Among the numerous promises Donald Trump’s administration is championing, the possibility of a sweeping makeover of the US tax system poses the most ominous threat.
Tax reform, in and of itself, is not the issue, but elements of House Republicans’ proposal could do extreme damage—and not only to international financial centres like Bermuda.
A report just published by economists at global consulting firm The Brattle Group predicts a proposed “border adjustment tax” would have a highly punitive impact on American consumers.
The Brattle report examines the effects of the proposed consumption-based tax initiative that imposes tariffs on imports to the States, while lifting taxes on US exports.
The Paul Ryan blueprint on tax reform supports a popular notion—to reduce top tax rates to 20, or even 15, percent. Yet, the devil is in the details, for the matter is far more complicated.
If financial services, specifically reinsurance, were to be bundled into the proposal along with manufactured goods, the Brattle study found, end users, particularly American homeowners, are the ones who actually end up footing the bill—to the tune of almost $30 billion.
“It would widen the protection gap between insured and uninsured losses, which would result in the excess risk falling on the government, particularly for natural catastrophes and other high-loss events,” said the report’s lead author Michael Cragg, who has extensive consulting, research and expert witness experience in corporate finance as The Brattle Group’s chairman.
Commended by US-based Coalition for Competitive Insurance Rates [CCIR], the Brattle report noted that consumers and businesses in US regions vulnerable to catastrophes would be especially at risk. “Reinsurance is critical to risk management in the property and casualty [P&C] insurance industry, particularly for natural catastrophes and other infrequent but high-loss events,” the study noted.
The findings should be a clarion call to US policymakers unfamiliar with the Bermuda market’s exemplary track record in the wake of American catastrophes.

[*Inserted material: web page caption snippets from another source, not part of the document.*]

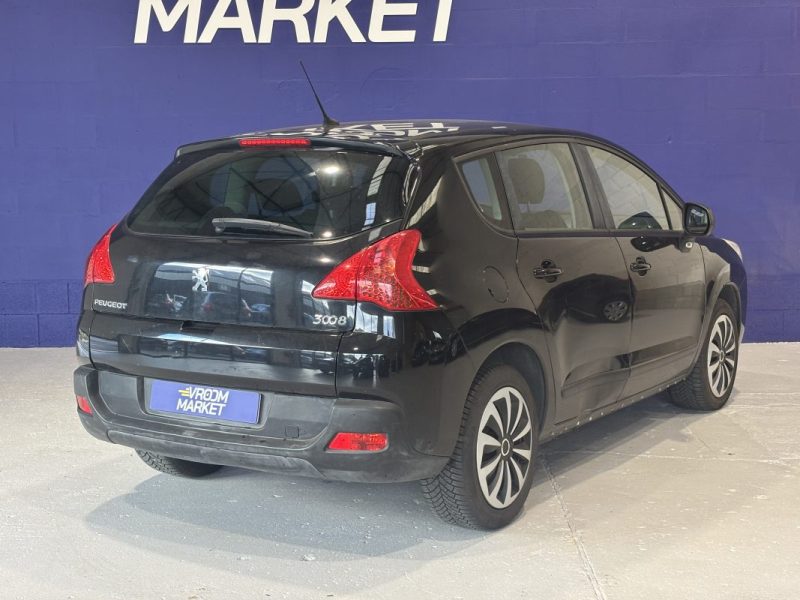 Peugeot 3008 1.6 VTI 16V 120ch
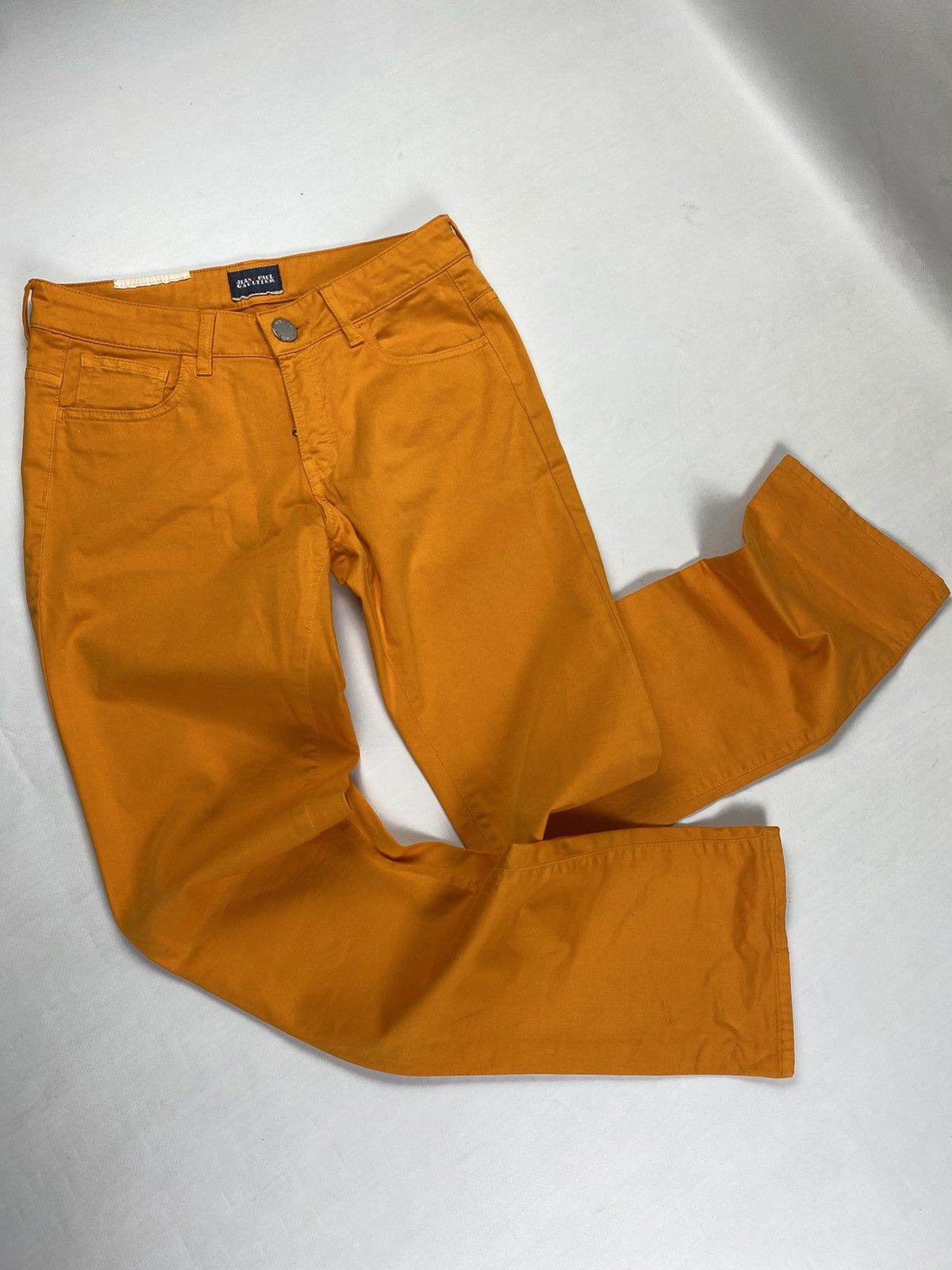 Jean Paul Gaultier Jean Paul Gaultier Jeans Size 27" / US 4 / IT 40 - 9 Thumbnail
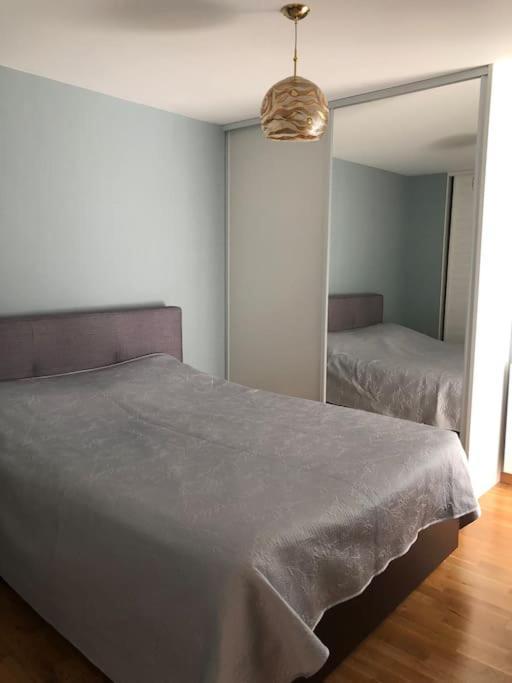 אוויאן-לה-באן Appartement. La Coupole 2 Pieces Avec Vue מראה חיצוני תמונה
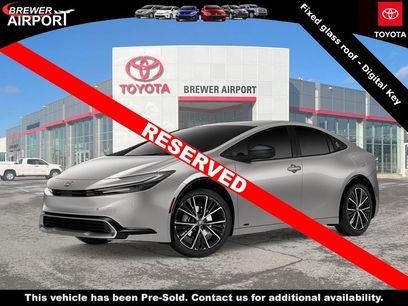 New 2026 Toyota Prius XLE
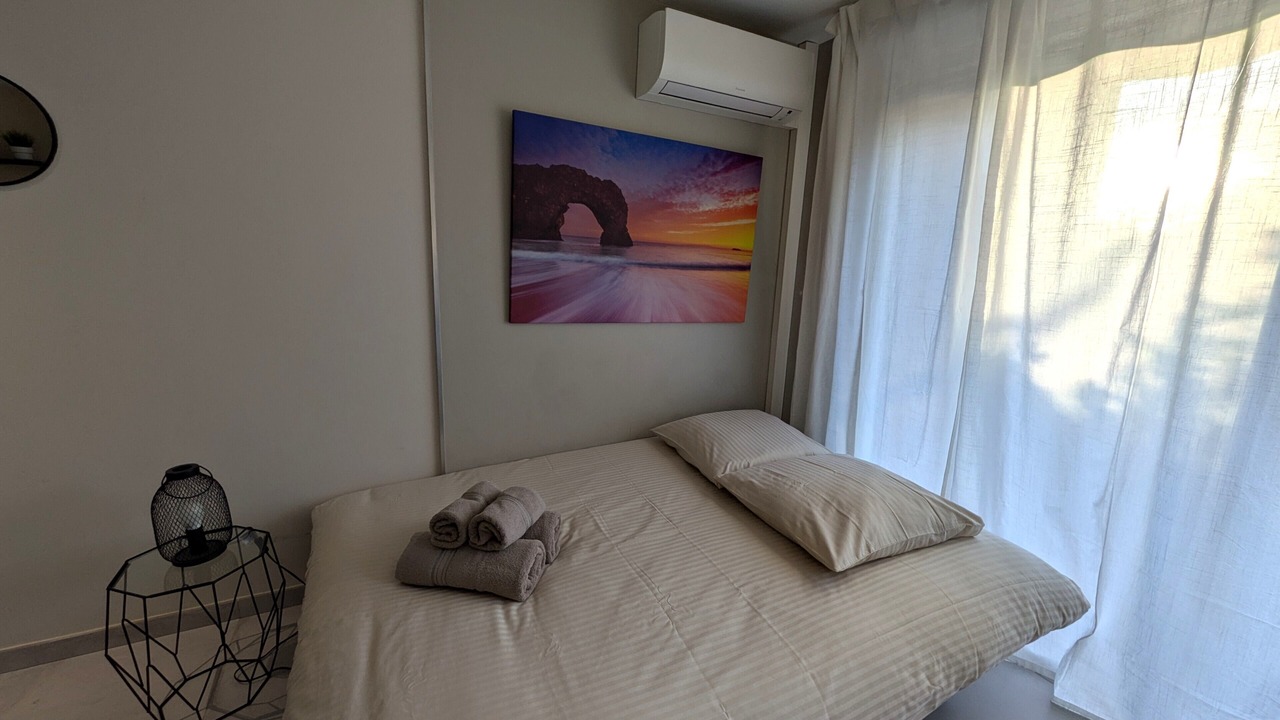Photo of Bedroom in Palavas-les-Flots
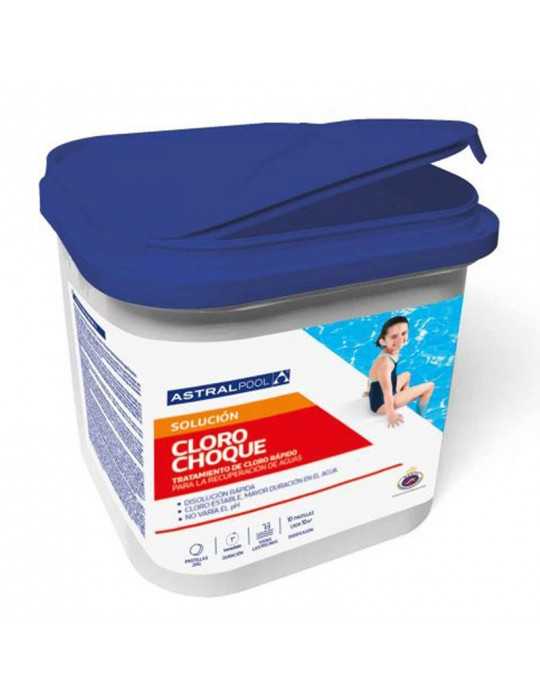 Cloro choque granulado AstralPool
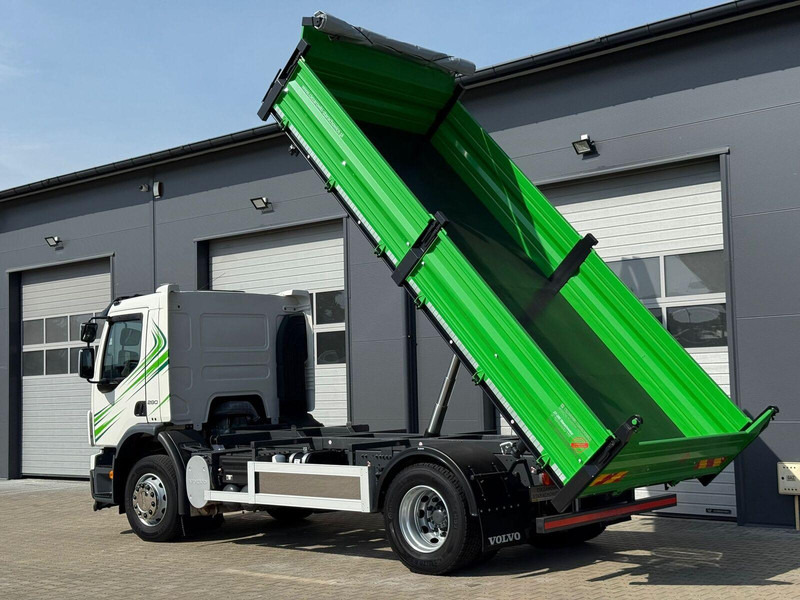 Volvo FE 18.280 - Самосвал: фото 3 Volvo FE 18.280 - Самосвал: фото 3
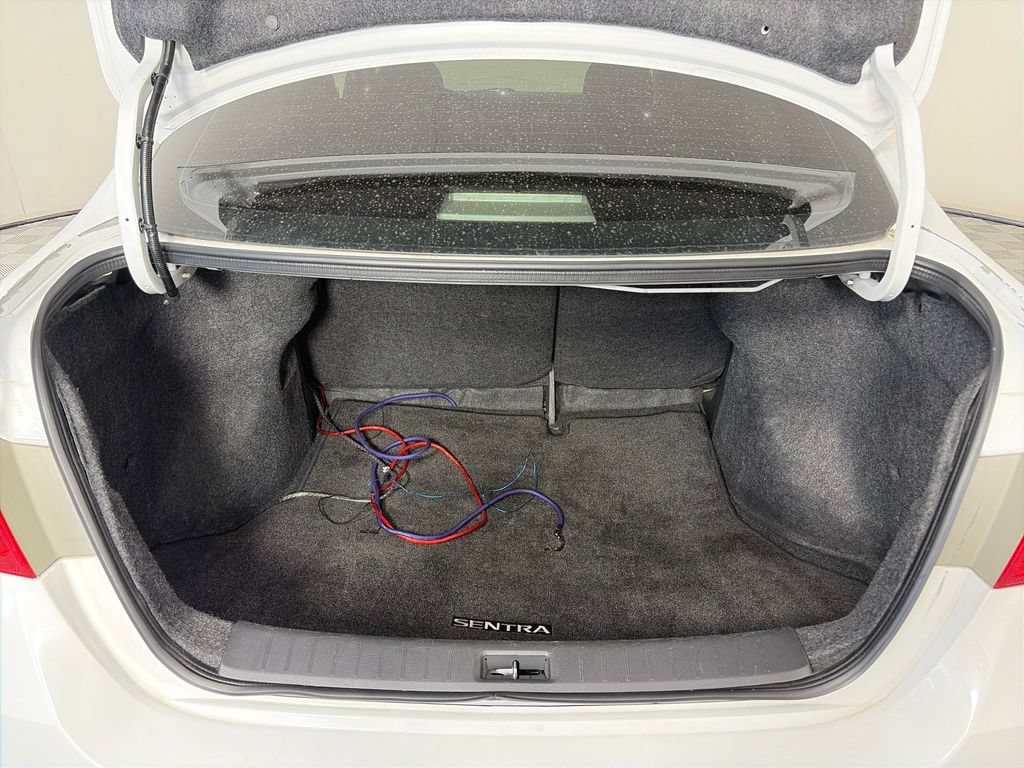 Used 2017 Nissan Sentra S FWD image 23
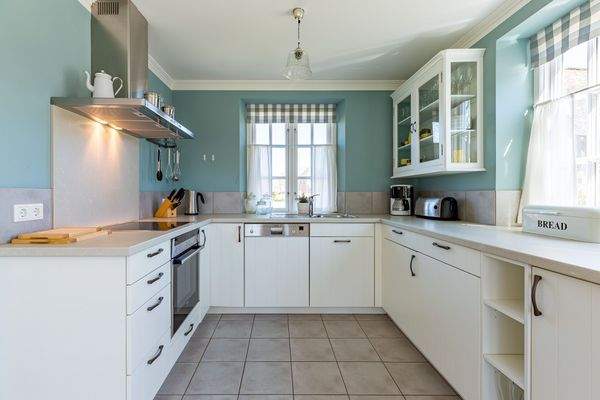 Haus I - DHH links - Küche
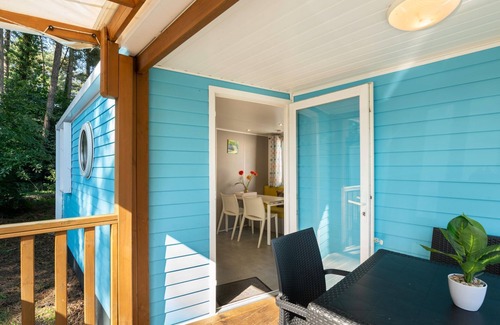 Rijkevorsel Chalet De Ski | Chalet soigné avec micro-ondes, Anvers à 39 km.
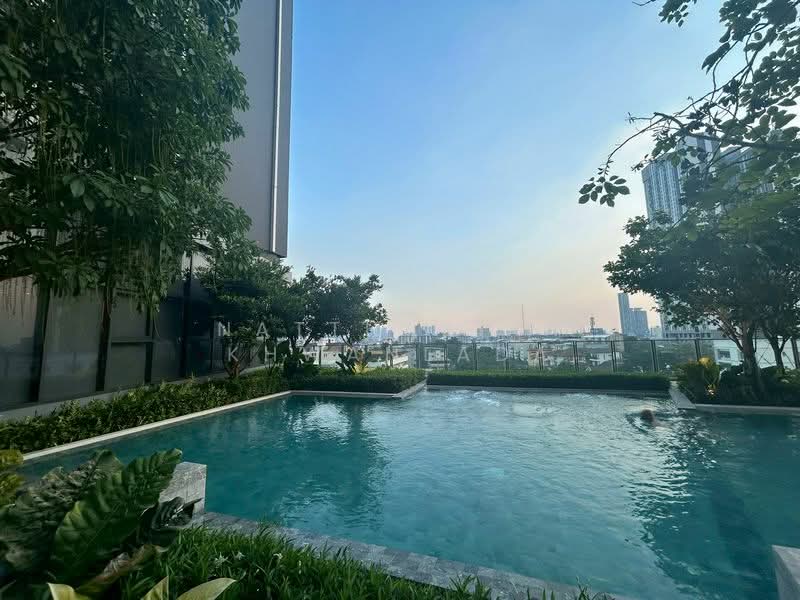 IDEO Sukhumvit Rama 4 : ไอดีโอ สุขุมวิท - พระราม 4, กรุงเทพ, ซอยสุขุมวิท 44 ถนนสุขุมวิท, พระโขนง, คลองเตย, กรุงเทพ, 45 ตร.ม., คอนโด ให้เช่า, โดย Nattharika Khwanlada, 500384046 - DDproperty.com
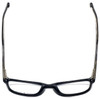 Lucky Brand Designer Eyeglasses Folklore-Black in Black 52mm :: Progressive
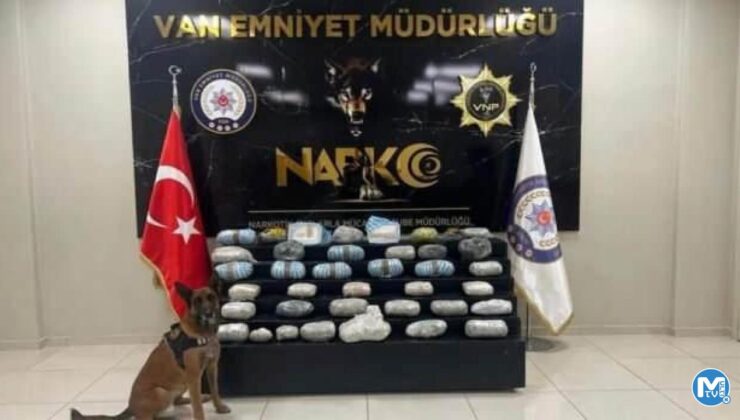 Van’da ‘torbacı’ operasyonu: 3 şüpheli gözaltında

It was our reinsurers who paid $22 billion to rebuild the Gulf and Florida coasts after devastating hurricane seasons in 2004–05; who covered nearly 30 percent of insured losses from Hurricanes Katrina, Rita and Wilma; who paid 16 percent of Hurricane Sandy’s destruction in 2012, and close to a tenth of claims from 9/11.
The reason multi-national reinsurers, such as Bermuda’s global carriers, are able to tackle such behemoth events efficiently is because they pool risk worldwide. They spread potential losses so capital can cover extreme catastrophes when they occur. This diversification benefits US insurance companies and ultimately consumers, who pay lower premiums.
Bermuda’s advantages as a reinsurance hub have been well documented, but they’re worth underscoring to dispel misinformation and ensure US consumers are not inadvertently punished as collateral damage in any sweeping tax reform.
As a well-regulated financial centre, with tax information exchange agreements with close to 100 countries worldwide, the Bermuda market is home to over a third of the top global reinsurance corporations.
“Bermuda boasts a 45-year track record in its commercial claims-paying ability,” noted Brad Kading in a Canadian Globe & Mail feature last year. “Notably, its property-catastrophe reinsurance market is now No. 1.”
Reinsurance isn’t about foreign entities taking advantage. Exporting risk and importing capacity and coverage is sensible economics for any country. Understanding this will help America’s fiscal policymakers—and benefit those who can least afford to pay the heavy price of disaster.
Ross Webber is CEO of the Bermuda Business Development Agency [BDA.bm], an independent, public-private partnership working to attract investment and maintain business on the Island.